The Split.Text APIs are accessed through the SplitSession class. The user can create a new SplitSession object, add input data and various constraints to the session, and then call the Learn() method to obtain a SplitProgram. This is the program that is learnt from the given input data and constraints. The SplitProgram’s key method is the Run() method which executes the program to perform a split on any given text input.

To use Split.Text, one needs to reference Microsoft.ProgramSynthesis.Split.Text.dll, Microsoft.ProgramSynthesis.Split.Text.Semantics.dll
and Microsoft.ProgramSynthesis.Split.Text.Learning.dll, Microsoft.ProgramSynthesis.Extraction.Text.Semantics.dll and Microsoft.ProgramSynthesis.Extraction.Text.Learning.dll.

The complete code for the scenarios described in this walk-through is available in the Sample Project which illustrates our API usage.

Initializing the session

The user can create a new Split session and add the input data as follows:

// create a new ProseSplit session
var splitSession = new SplitSession();

// add the input rows to the session
// each input is a StringRegion object containing the text to be split
var inputs = new List<StringRegion> {
       SplitSession.CreateStringRegion("PE5 Leonard Robledo (Australia)"),
       SplitSession.CreateStringRegion("U109 Adam Jay Lucas (New Zealand)"),
       SplitSession.CreateStringRegion("R342 Carrie Dodson (United States)")

Each row of text in the input data is added as a StringRegion object created from the text content in that row. If we want we can also add some constraints to the session to specify basic properties of the desired splitting, such as whether we want to include the delimiters in the resulting split or not. If we do not want delimiters in the output, we can specify with a constraint as follows:

splitSession.Constraints.Add(new IncludeDelimitersInOutput(false));

We can clear any constraints provided in the session at any time by calling the splitSession.RemoveAllConstraints() method.

Learning a new split program

Split.Text can learn a program using only the provided input data in a purely predictive fashion, without any examples or other output constraints. This can be done by simply calling the Learn() function after adding the inputs.

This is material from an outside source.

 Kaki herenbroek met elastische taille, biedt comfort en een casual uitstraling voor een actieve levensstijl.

// call the learn function to learn a splitting program from the given input examples
SplitProgram program = splitSession.Learn();

// check if the program is null (no program could be learnt from the given inputs)
if (program == null)
    Console.WriteLine("No program learned.");

Serializing/Deserializing a program

The SplitProgram.Serialize() method serializes the learned program to a string. The SplitProgramLoader.Instance.Load() method deserializes the program text to a program.

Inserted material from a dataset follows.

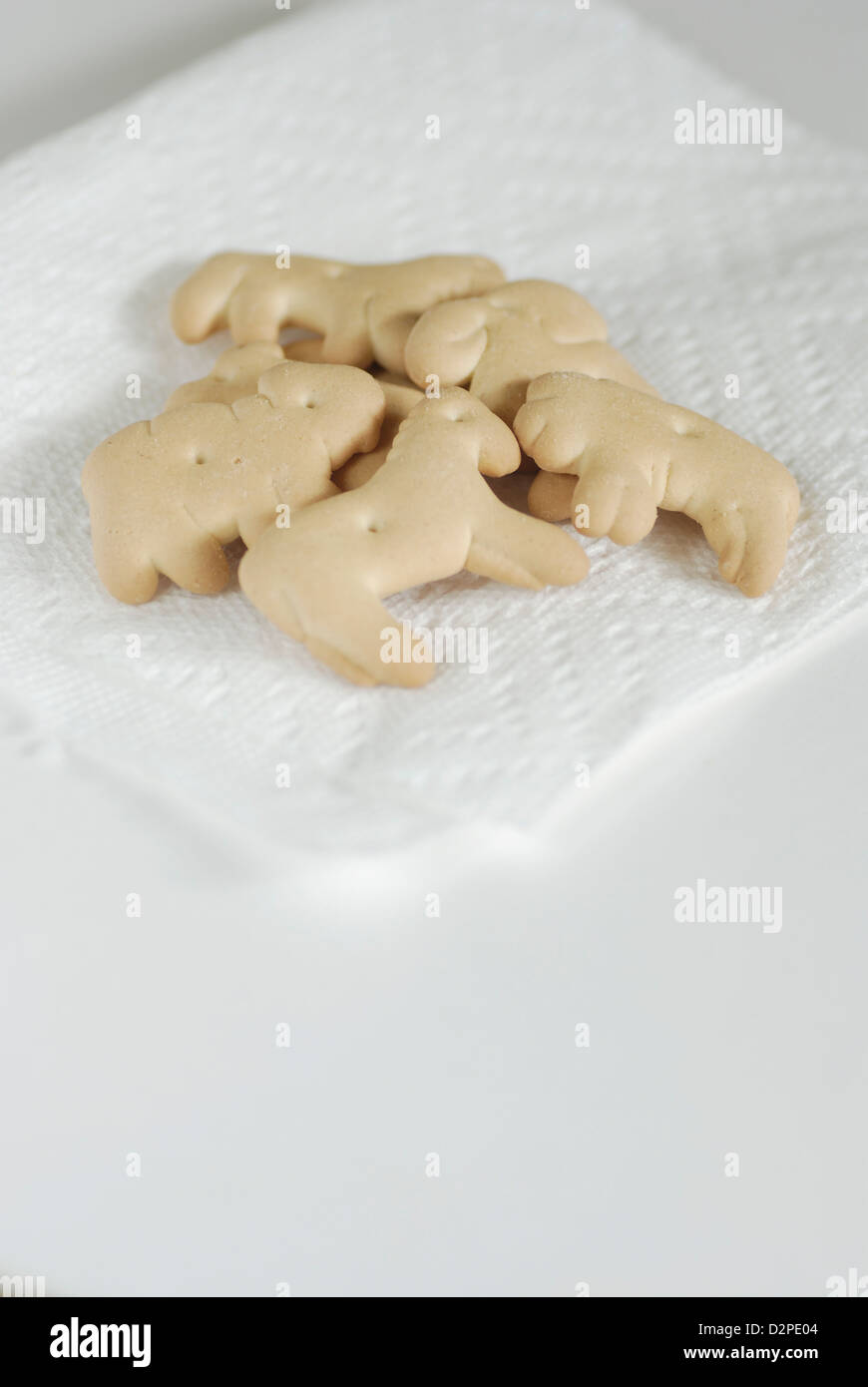 vertikale Animal Crackers hautnah auf weißem Papierserviette Stockfoto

// serialize the learnt program and then deserialize
string progText = program.Serialize();
program = SplitProgramLoader.Instance.Load(progText);

Executing the learnt program

The learnt split program can be executed on any input StringRegion to produce an array of SplitCells. For example, we can execute the learnt program on each of the inputs as follows:

SplitCell[][] splitResult =
inputs.Select(input => program.Run(input)).ToArray();

Each SplitCell object represents information about a single split cell. It’s CellValue field is the sub-region of the input that this split cell represents, and the IsDelimiter flag indicates whether this split cell is a field or delimiter value. The learnt program can be executed indepedently of the Session object on any new input text, and not just the inputs that have been entered into the session.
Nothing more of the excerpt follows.